Regresso do Chaves à Primeira Liga nas mãos da justiça

Presidente da SAD, Francisco José Carvalho, acredita que se faça justiça com o justo e merecido regresso

• Foto: Carlos Daniel Morais
O Desportivo de Chaves poderá estar de voltar à Liga NOS devido a nulidades processuais do Tribunal Arbitral do Desporto (TAD) e uma decisão do TCA Sul – Tribunal Central Administrativo (TCA- Sul).
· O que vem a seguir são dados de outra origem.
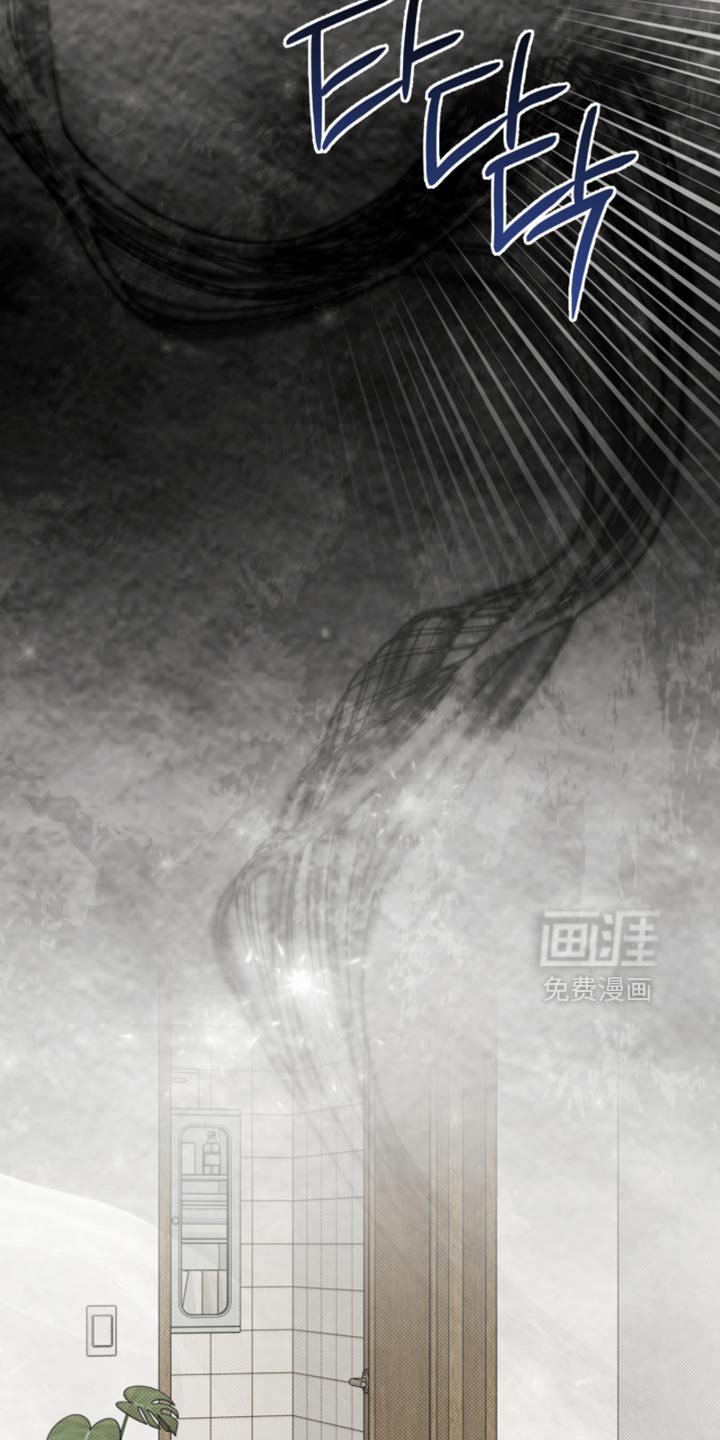 第100章：单纯的偶发事件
Esta decisão poderá também acabar com a possibilidade do Vitória de Setúbal ficar na Liga.

A SAD dos flavienses nunca perdeu a esperança nem desistiu do processo e para além de quererem jogar na Liga, querem ser indemnizados.

O processo é complexo e resulta de vários processos, em vários tribunais onde nem Liga Portuguesa de Clubes Profissional (LPFP), fica isenta de culpas.
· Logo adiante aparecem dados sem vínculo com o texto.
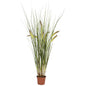 2.5' Grass Plant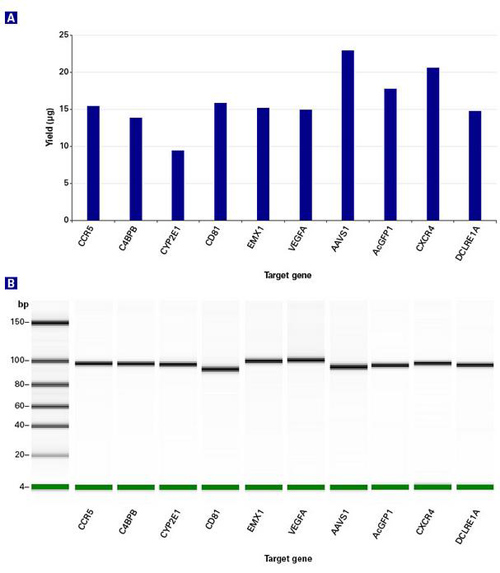 sgRNA体外转录和筛选Guide-it sgRNA In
O incumprimento do Vitória de Setúbal dos pressupostos financeiros exigidos pela Liga, ano após ano, é alvo de queixas e reclamações por vários clubes por alegadas dívidas que o impossibilitaria de disputar as provas profissionais, mas o certo é que o clube continuou sempre na prova.

Para Francisco José Carvalho, presidente da SAD flavienses a "posição do Chaves é bem clara e por acreditarmos que temos razão nunca desistimos do processo e recorremos aos tribunais civis".

Segundo o líder dos transmontanos, "muito dificilmente as decisões poderão ter efeitos nesta temporada, mas não vamos desistir de que a verdade seja reposta pois toda esta situação que hoje vivemos é o resultado de vários precedentes que ao longo dos anos beneficiaram o emblema sadino. O resultado de tapar o sol com a peneira pois nem sempre o gato escondido com rabo de fora dá bom resultado".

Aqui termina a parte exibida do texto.